I arrived back in Holland at 10:15am Saturday morning after a six hour flight from Anchorage to Chicago and a three hour drive from Chicago to campus following a two week trip to Alaska with a one week class in Holland to preface in order to complete my Hope College requirement of a Senior Seminar. That was a lot of logistical information I needed to include to make this post make sense, but other than logistics, it has little purpose. If you want to learn more, check out Alaska May Term: Thriving in Transitions or Hope College Senior Seminar to view course descriptions.

I’m sitting on the floor of my bedroom, glancing at my left arm. I pulled up the sleeve just a little bit and rolled my arm to the right, just so that I can see it better.

On my upper arm, I have seven freckles that align to form the Big Dipper, with one additional lone freckle off to the right: the same shape as the Alaskan flag.

As much as I would love to call that a coincidence, I believe that everything is connected.

I believe everything is connected because I believe in a God that goes before us. I believe in a God that knew us before we were born.

When I stepped off of the plane in Alaska, I can tell you that a radical love was taking over my heart. It was a love that I had encountered before, but this time, I could accept it, because God’s vision meant more to me than my own will.

Before I left, the Lord promised me two things: 1) that He would teach me to love with real love and 2) that I would run for the first time without pain in over six years.

He is a God who is who He says He is and will do what He says He will do. I knew it, I know I did. But belief is an entirely different phenomenon.

The first morning, I woke up at 5:45am to an Alaskan morning that felt like daylight. The sun doesn’t set there in the summer.

And I ran. I ran like I was out of shape, but did not run with pain. Each time my feet hit the concrete, it felt as though they were landing on a cloud. I don’t know how far I ran, but it was farther than I ever had before. When I returned back to our campground, I was breathing heavy and at some point, I closed my eyes.

When I opened them, in front of me was the landscaping just past the entrance of the ministry, a giant message spelled out in rocks that said, “WELCOME” and a white wooden cross that stood above it.

When God’s power intersects with our potential, it becomes a collision with grace.

I broke down. I fell to my knees and I knew I didn’t deserve it, but my Savior told me I was worth it all.

Before the trip, I knew we had an hour of quiet time in the morning so I prayed a lot about where I was supposed to sit. God gave me a picture of a log with some trees in front of it, and I knew that was where I was supposed to be.

The first day, God told me to take a left as I walked out of the bunkhouse door, so I did, and I walked into a brush area with thorns and weeds and poison ivy. I was thinking, “oh man, this is absolutely terrible,” but I knew it was where He wanted me to go. All of a sudden, a path opened up in front of me. I began to follow it through the woods. Then, to my left, I saw the place that He had promised.

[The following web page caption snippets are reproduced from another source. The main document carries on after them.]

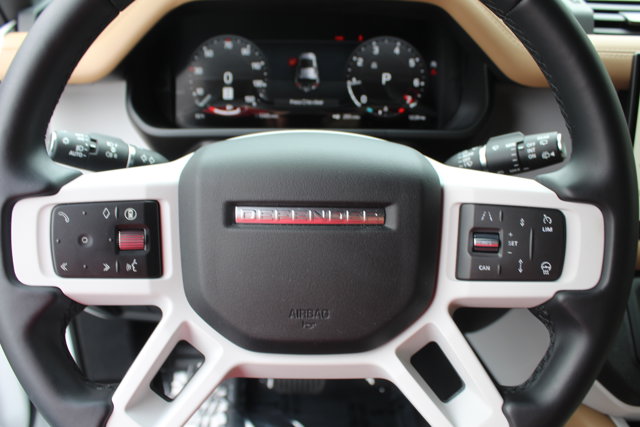 2025 Land Rover Defender X-Dynamic SE Image 14 of 31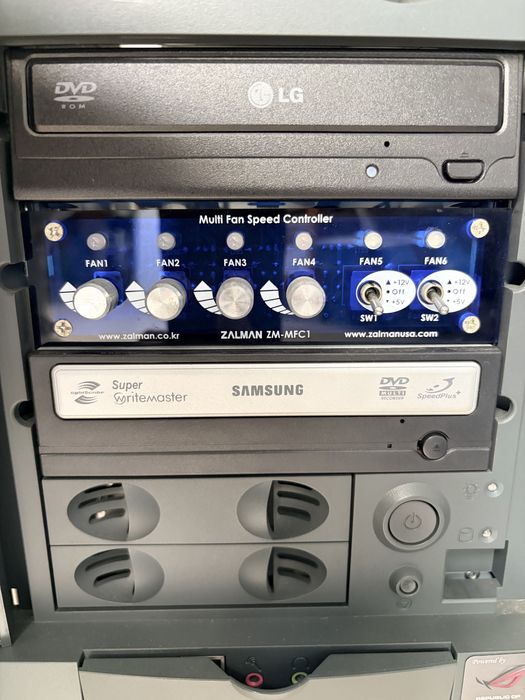 Caixa servidor com varios componentes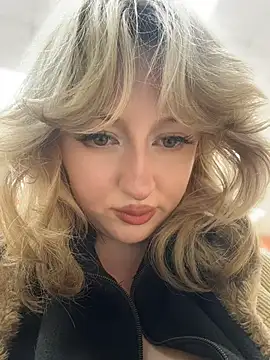 RonnieKiss - Completely naked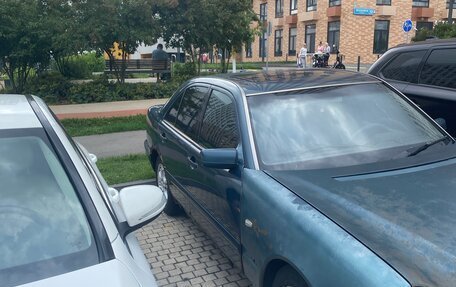 Mercedes-Benz E-Класс, 1998 год, 140 000 рублей, 3 фотография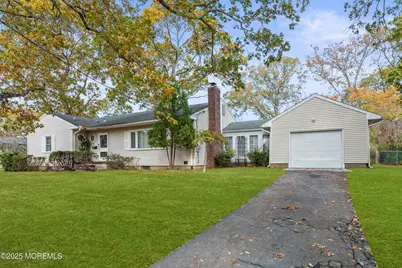 271 Jerome Avenue, Oakhurst, NJ 07755 - Photo 2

I sat down on the log and realized that God loves to prove that He is God.

I thought a lot about where I was at that time last spring, and what the past year had held for me. It was full of challenge, but no challenge stood in the presence of heaven’s redemption. I would go into detail, but I fear I would boast in my problems, therefore diminishing the reality of grace.

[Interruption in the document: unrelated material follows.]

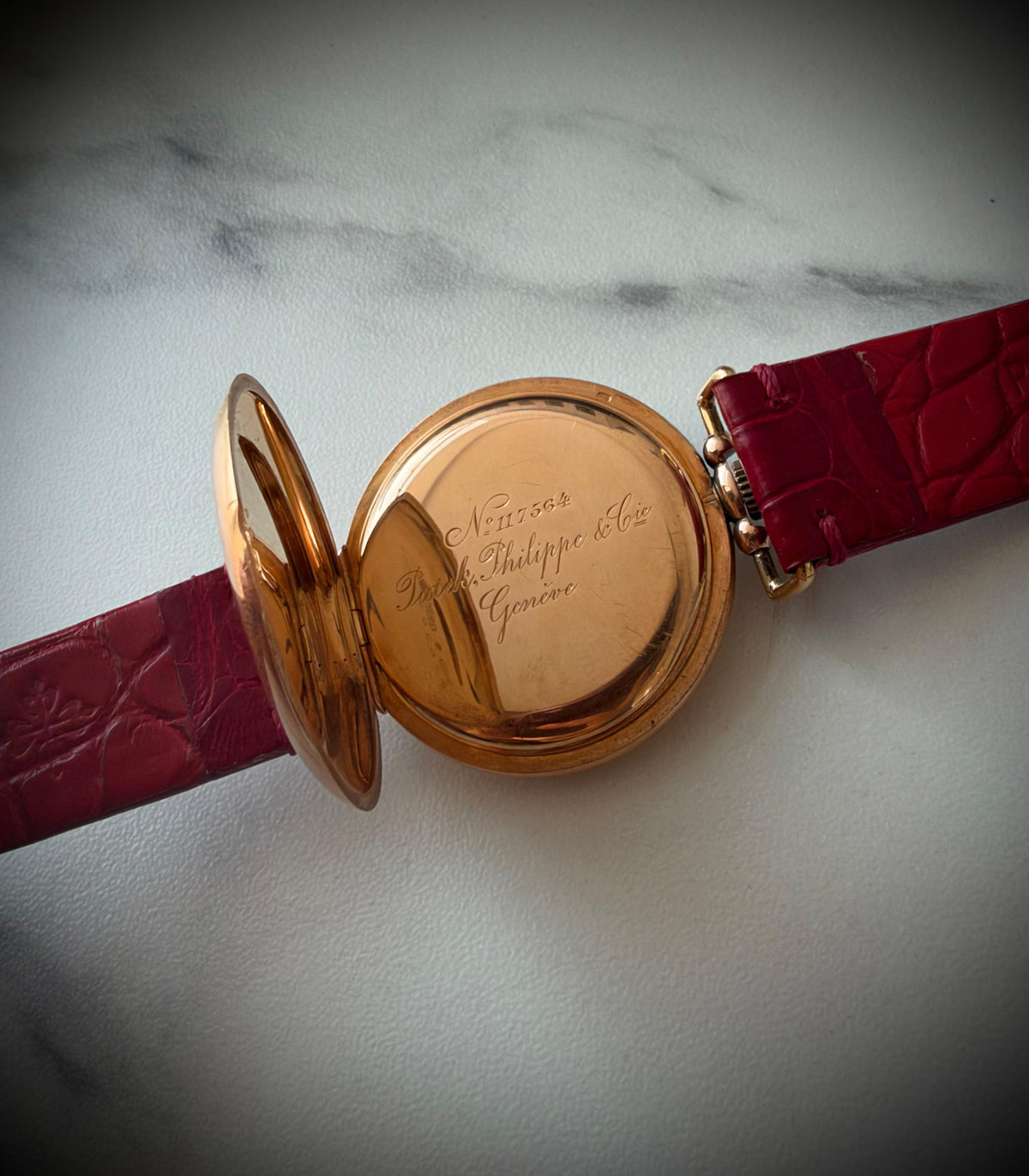 Vintage Patek Philippe, Minute Repeater, Yellow Gold on Leather, White Enamel Dial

I’m going to backtrack for just a moment.

I got a new phone for Christmas. And me, being my self, never re-downloaded my music library onto my phone, so for the entire six-hour flight to Alaska, I had one song playing on repeat. It was a song I bought my freshman year of high school. Dare You to Move, by Switchfoot.

There was one line that stood out to me among all the rest:

maybe redemption has stories to tell.

Before my life met Christ, I was like a tree growing upside down. The roots were growing upward into the air, and the branches were growing into the soil. Roots of a tree were never meant to be exposed to those kinds of elements.

People asked me to tell my story, and I put on an act. I talked about the good things, and I left out the bad.

I decided I didn’t want to live like that anymore.

If you just read that and think, “that’s me,” I pray that you give grace a second glance. Because in God’s mercy, He has given you a second chance.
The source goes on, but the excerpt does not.